The Dozo are traditional hunting fraternities that have formed self-defence militias that the Fulani say are being armed by the Mali army and used to carry out attacks on them. During one raid in June 2018, Dozo men surrounded a village in the Mopti region, separated those from the Fulani ethnic group from other villagers and killed 32 people, targeting them because of their perceived support for jihadists.

Islamist militants first established themselves in the rural areas of the central region more than 10 years ago, and began launching sporadic attacks on police stations, elected officials and religious leaders who spoke out against them from 2012. They grew in daring and violence, causing heavy losses among the Malian security forces. Civilians who lived in their area of control suddenly found themselves subject to unofficial new laws, imposed by the jihadists.

Areas of conflict in Mali’s jihadist insurgency

Areas of conflict in Mali’s jihadist insurgency

Amadou Koufa, a radical Fulani preacher, was the founder and leader of the Macina Liberation Front, which merged with other militant Islamist groups to form Jama’a Nusrat ul-Islam wa al-Muslimin (JNIM). This pledged allegiance to al-Qaida and became a leader of the jihadist group’s local “franchise”, the Organisation of al-Qaida in the Islamic Maghreb (the Isis equivalent is the Islamic State in the Greater Sahara, or ISGS). Koufa is behind dozens of attacks on Malian armed forces, taking part in the assault on the city of Konna in 2013, when the Islamist militants’ push south in Mali drew the French into the insurgency.

Koufa, who is on the UN’s sanctions list for his links to al-Qaida, recruits among young herders by exploiting feelings of exclusion and the lack of economic opportunities in the region. Villagers watched their young men become transformed into fighters under his influence.

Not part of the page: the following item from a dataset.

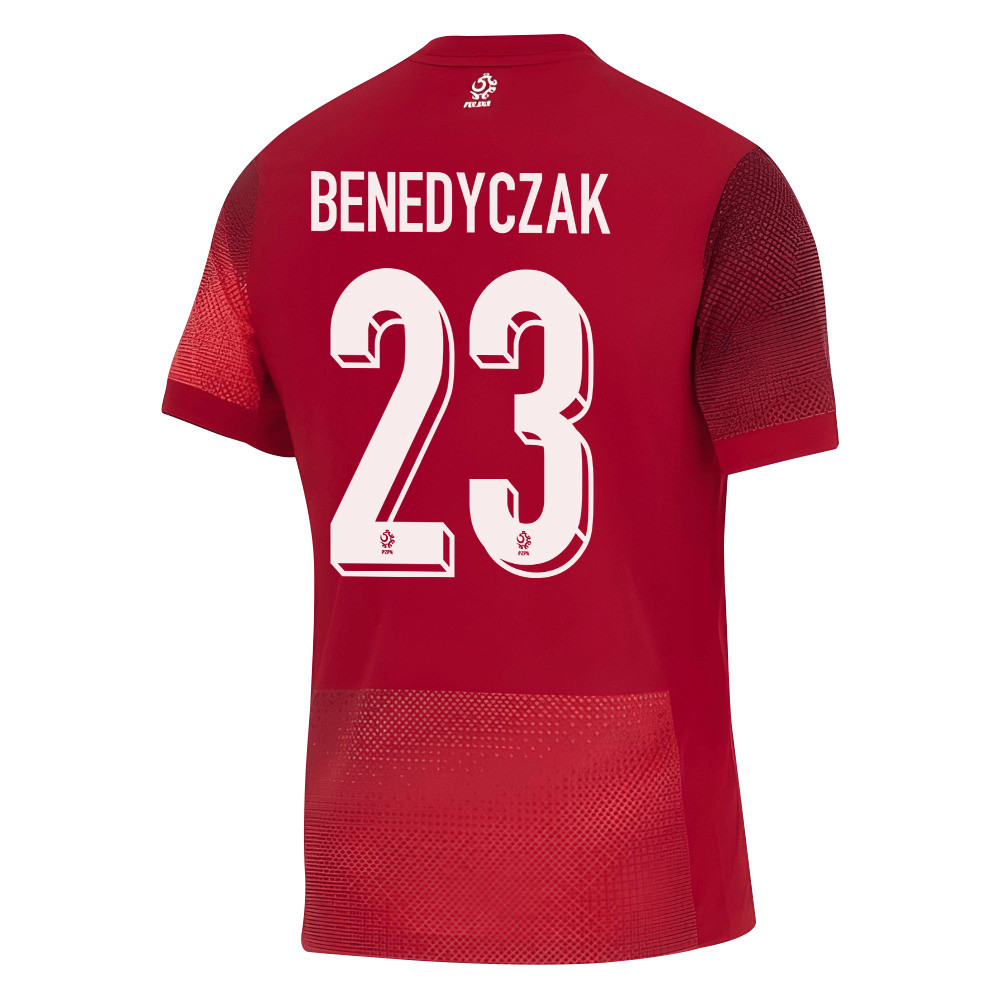 Adrian Benedyczak 23 Poland National Team 2024/25 Away Men Jersey - Red cheap jerseys for sale - CheapJerseys.Shop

“I’ve seen friends who left the village and came back with some money, sometimes a motorbike,” says a man in his 30s, who asked not to be named. Originally from the Mondoro area of the Mopti region, in central Mali, near the border with Burkina Faso, he now lives in a shelter on a landfill site in the capital, Bamako, where Fulani herdsmen and their families set up a slum camp after fleeing the violence.

At the time, I was living with my mother and younger brother. We had no cattle of our own, we were working as herders for others. I thought joining the jihadis was an opportunity for a new start,” he says.

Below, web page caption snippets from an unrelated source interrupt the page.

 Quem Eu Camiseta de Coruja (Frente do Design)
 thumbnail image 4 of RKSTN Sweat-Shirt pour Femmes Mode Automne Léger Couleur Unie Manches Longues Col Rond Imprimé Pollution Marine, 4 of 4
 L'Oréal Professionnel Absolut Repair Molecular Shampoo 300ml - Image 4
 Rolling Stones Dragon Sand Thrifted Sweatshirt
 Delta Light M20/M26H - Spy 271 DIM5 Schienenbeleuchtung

But the allure of a new cause, and a little money, did not last long. Only three months later, he was beaten up by his puritanical new comrades for smoking a cigarette. He escaped, with a badly broken knee. “I was there for the money, the little things we could get after fighting, or from villagers,” he says. “But others were there for revenge. Against the authorities, or sometimes against a neighbour with whom they had a disagreement. The jihadis can arrest, intimidate or kill who they want.”

Bréma Ely Dicko, a Malian anthropologist, says the crisis has upturned the established order in Mali. “Many among those who joined the armed groups are young men who come from the lower classes of the society – known as ‘prisoners’, or ‘slaves’ in Mali – who are serving the higher castes,” he says.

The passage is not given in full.